LinuxQuestions.org

LinuxQuestions.org (/questions/)
-   Linux - Newbie (https://www.linuxquestions.org/questions/linux-newbie-8/)
-   -   Horrible Ubuntu performance (https://www.linuxquestions.org/questions/linux-newbie-8/horrible-ubuntu-performance-658285/)

RadioActiveLamb 07-25-2008 04:02 PM

Horrible Ubuntu performance
 
Let me preface this question with a little background and system information:

I am a Windows veteran. I have lots of hardware and network experience and have been a systems manager for nearly 20 years. I am just-now dabbling in Linux. What's a better way that to drop it onto a production box and force myself to use it? :)

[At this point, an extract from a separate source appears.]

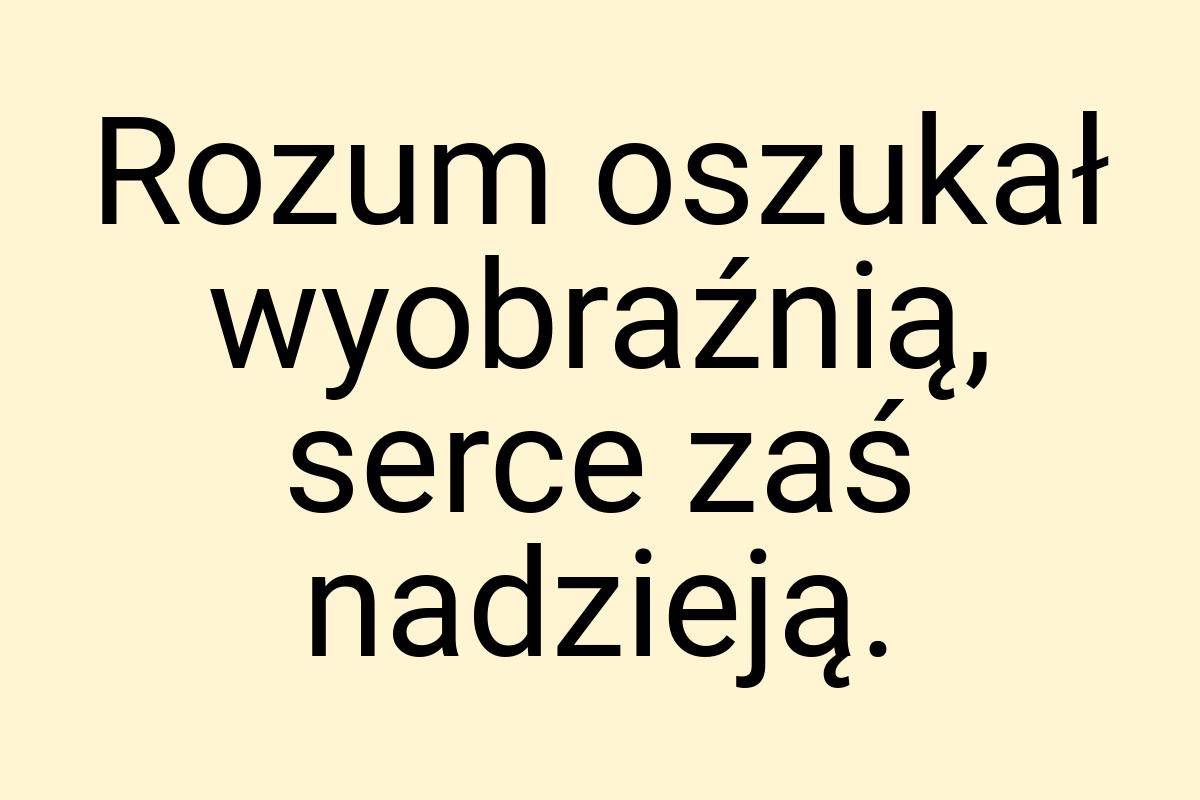 Rozum oszukał wyobraźnią, serce zaś nadzieją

The box is an Intel server motherboard with four dual-core Xeon 2.5Ghz processors. It has 4GB RAM and RAID-5 storage with five physical drives and one logical volume. The raid controller is a 64-bit PCI Compaq "Smart Array" 431. This controller is a dinosaur, but its what we had lying-around. The firmware is current and it operated just fine under Windows 2003.

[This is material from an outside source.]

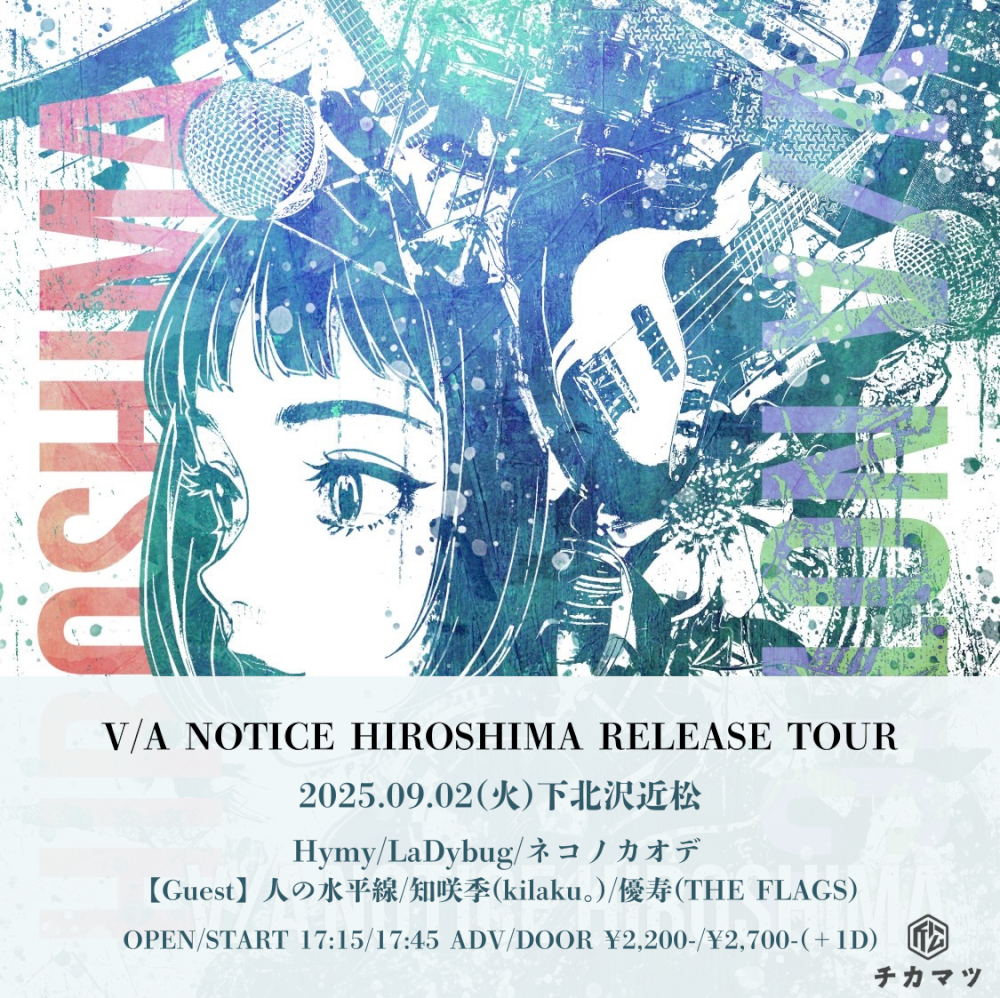 V/A NOTICE HIROSHIMA RELEASE TOUR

I've installed Ubuntu 8.04 with the Gnome desktop. I've also installed Samba so that I can file-share with our existing Windows 2003 servers.

We're noticing that performance on this machine is absolutely terrible. Especially when there is any disk activity. It seems that a single process runs at an acceptable level, but as soon as we try to do two operations at the same time, performance just simply goes away. An example would be copying a large file from a Windows box, and then from another Windows workstation, trying to access shared folders on the Ubuntu machine would cause Explorer to time-out. Once the file copy is done, the Ubuntu box is snappy again.

Another example is keeping it all on one box. Copying a 20GB file from one local folder to another under Gnome will cause excruciatingly slow start-ups for relatively small Gnome applications (terminal, etc.)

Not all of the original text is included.